Ahli bid’ah itu dengan nada mencela berkomentar, “Saya tahu kok di mana tanganku bermalam, ya di atas kasur!”

Maka tatkala (terbangun) di pagi hari, ternyata dia memasukkan tangannya ke duburnya, hingga sampai siku-sikunya!”

Imam at-Taimi mengomentari kisah di atas, “Maka hendaknya seorang takut dari merendahkan sunnah Nabi.
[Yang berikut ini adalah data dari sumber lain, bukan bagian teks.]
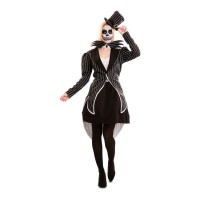 Costume elegante scheletro da donna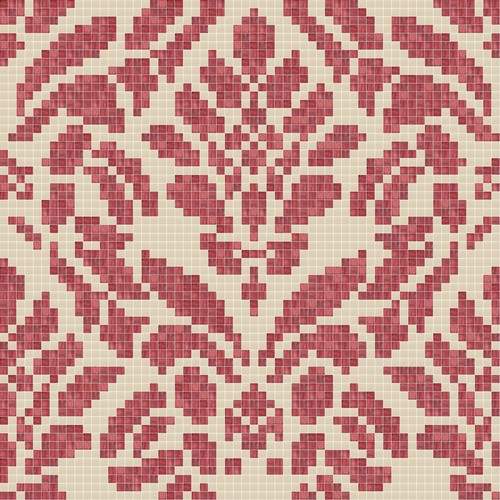 WALLPAPER FLORAL 1, 2X2 CM, PLUS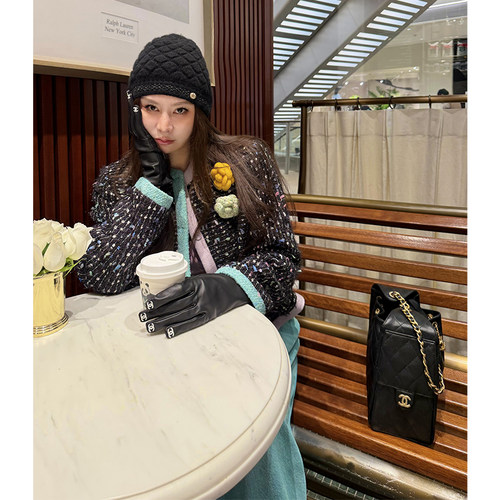 高级撞色小香风外套女新款上衣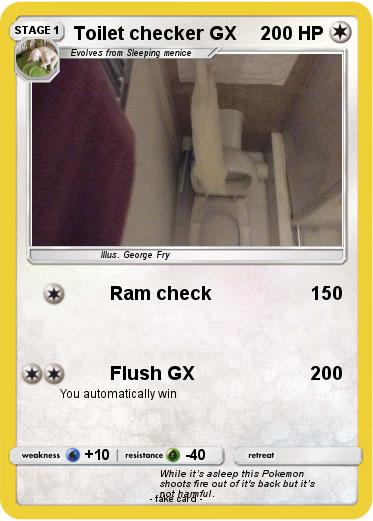 Pokemon Toilet checker GX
Lihatlah kesudahan mereka yang sangat mengenaskan di atas.”

Imam an-Nawawi rahimahullah berkata setelah membawakan kisah di atas, “Mirip dengan kasus ini adalah fakta yang terjadi pada zaman kita sekarang ini dan beritanya mutawatir serta telah sahih menurut para hakim bahwa ada seorang yang beraqidah jelek dari kota Bushra pada awal tahun 665 H. Dia punya seorang anak yang saleh. Suatu hari, anaknya datang dari gurunya yang saleh membawa siwak. Ayahnya mengatakan dengan nada mengejek, “Gurumu memberimu apa?” Jawab sang anak, “Siwak ini”. Lalu sang ayah mengambil siwak tersebut dan meletakkan di duburnya sebagai penghinaan.
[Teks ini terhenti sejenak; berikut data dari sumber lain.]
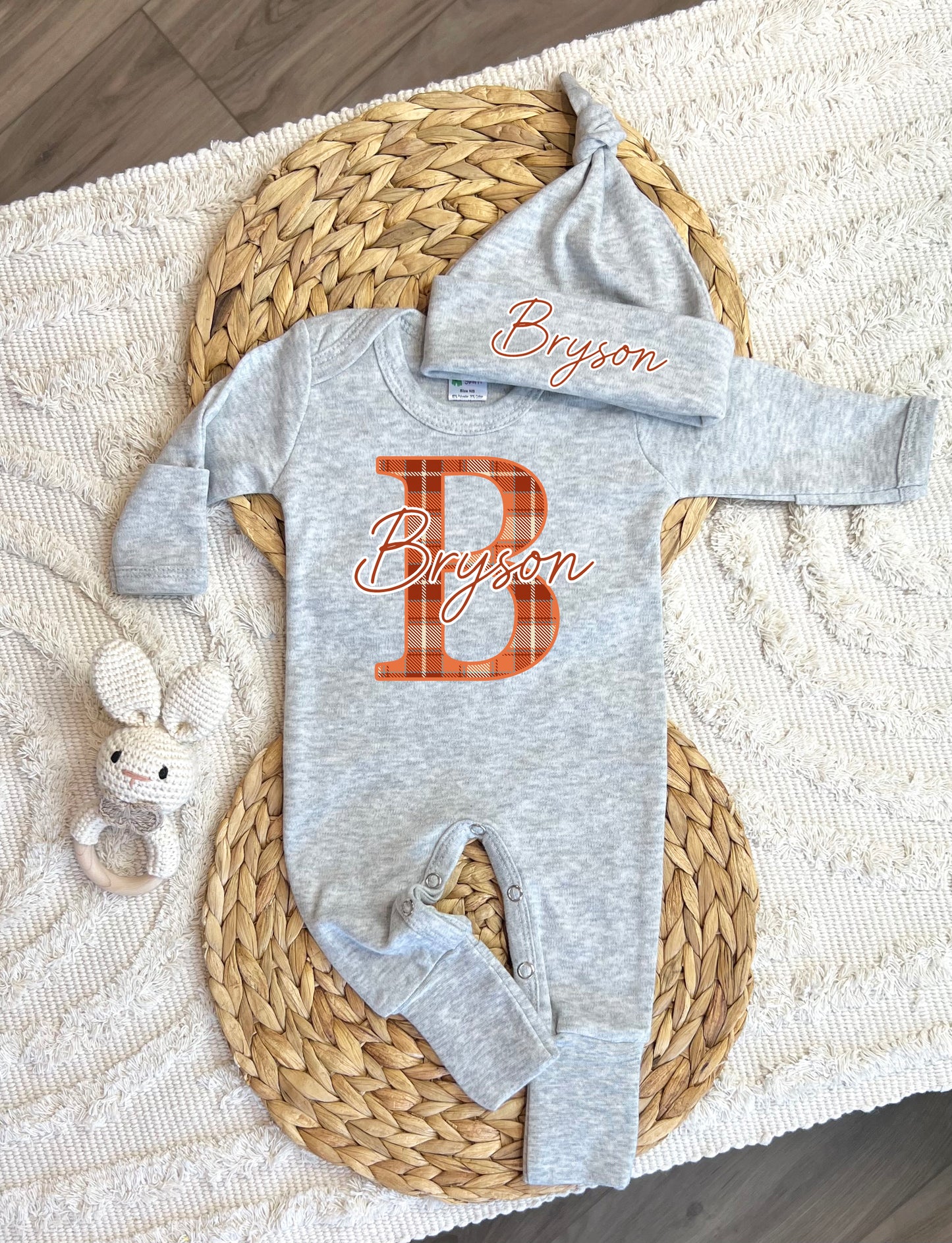 Baby Boy Personalized Romper Outfit- Bryson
Selang beberapa hari, ayah tersebut mengeluarkan dari duburnya sejenis ikan. Lalu setelah itu atau selang dua hari berikutnya orang itu meninggal dunia. Semoga Allah melindungi kita dari bala-Nya dan memberikan taufik kepada kita untuk mengagungkan sunnah dan syi’arnya.” (Bustanul ’Arifin, hal. 113–114 oleh Imam Nawawi, cet. Dar Ibnu Hazm. Lihat pula kisah lebih detail dalam al-Bidayah wan Nihayah, 13: 249 oleh Ibnu Katsir).

 

Tidak Bisa Berjalan Akibat Menghina Hadis

Abu Yahya Zakaria as-Saji berkata, “Kami pernah berjalan di kampung kota Bashrah menuju rumah sebagian ahli hadis. Kami pun tergesa-gesa berjalan cepat menuju rumahnya. Dalam rombongan kami ada seorang yang tertuduh agamanya berkomentar dengan nada mengejek, ‘Angkatlah kaki kalian dari sayap para malaikat, janganlah kalian memecahkannya!’ Ternyata, dia seketika itu juga tidak bisa berjalan, dia tetap di tempatnya sampai kedua kakinya kering dan jatuh.” (Dzammul Kalam wa Ahlihi 4/369 oleh al-Harawi).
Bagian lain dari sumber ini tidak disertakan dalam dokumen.